At its annual Montessori Event this weekend in Washington, D.C., the organization has highlighted the achievements of the Montessori method in Puerto Rico, particularly under the leadership of the New School Institute, its founder Ana María García Blanco, its teachers and the communities that support it.
No state or territorial government has an adjunct office dedicated to promoting the Montessori teaching model like Puerto Rico does. "We don't have that kind of support at the federal level," said AMS Executive Director Timothy Purnell, a former schools superintendent in two townships in New Jersey.
Last Thursday, García Blanco received AMS's annual "Living Legacy" award, which is given to people who have had an extraordinary impact on the development of the Montessori experience. García Blanco spoke to a group of school superintendents.

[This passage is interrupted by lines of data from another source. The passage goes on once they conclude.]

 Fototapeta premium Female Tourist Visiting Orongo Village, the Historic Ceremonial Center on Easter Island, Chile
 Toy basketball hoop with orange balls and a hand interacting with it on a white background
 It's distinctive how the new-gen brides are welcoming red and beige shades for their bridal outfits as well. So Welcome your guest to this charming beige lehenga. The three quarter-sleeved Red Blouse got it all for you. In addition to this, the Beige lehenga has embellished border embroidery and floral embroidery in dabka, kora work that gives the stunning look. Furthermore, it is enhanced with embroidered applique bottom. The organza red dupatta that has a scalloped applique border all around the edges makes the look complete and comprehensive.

Gina Lofquist, senior director of Teacher Education at AMS, said García Blanco understood what Montessori can do for Puerto Rico and she created a model for developing leaders through the New School Institute.
"They are looking at Puerto Rico's public policy as one to follow, to see if it can be replicated in U.S. districts," García Blanco said.

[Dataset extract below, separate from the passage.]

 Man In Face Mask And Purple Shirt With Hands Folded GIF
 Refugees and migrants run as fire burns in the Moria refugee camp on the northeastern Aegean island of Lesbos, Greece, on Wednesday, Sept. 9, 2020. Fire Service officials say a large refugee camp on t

García Blanco said that, in Puerto Rico, the New School Institute, advising Montessori schools, has found that "communities have 90 percent of the answers to the most difficult questions we are asking ourselves”.
The Puerto Rican educator affirmed that "the integration of families into our schools has led to the creation of a group that moves as a collectivity," both in the school operation and in claims to the Education Department.
García Blanco said that the success of Montessori education is in achieving peaceful environments which encourages "human beings committed to the common good.”
There are more than 500 Montessori public schools in the United States. In Puerto Rico, there are 45 schools related to the public education system.
In proportional geographic terms, no jurisdiction in the U.S. compares to Puerto Rico, Purnell said. "It's one of the most remarkable things," added Purnell, whose organization has 16,000 members in 70 countries.
Purnell highlighted the advance of the Montessori system in cities like Cincinnati (Ohio), Sacramento (California) and areas of North Carolina.
Along with García Blanco, several New School Institute educators participated in the conference and offered workshops. For example, Annabel Martínez, academic director, and Jennyffer Toro, administrator, gave the workshop "A new training center for a new school".
Meanwhile, Martínez and Claribel Cora offered a workshop on children's literatura: "Educating readers for life". Regina Silva, Montessori Workshop 2 guide and New School Institute academic coordinator, was in charge of the seminar "Cultivating Community Work and Kindness in Elementary Environments".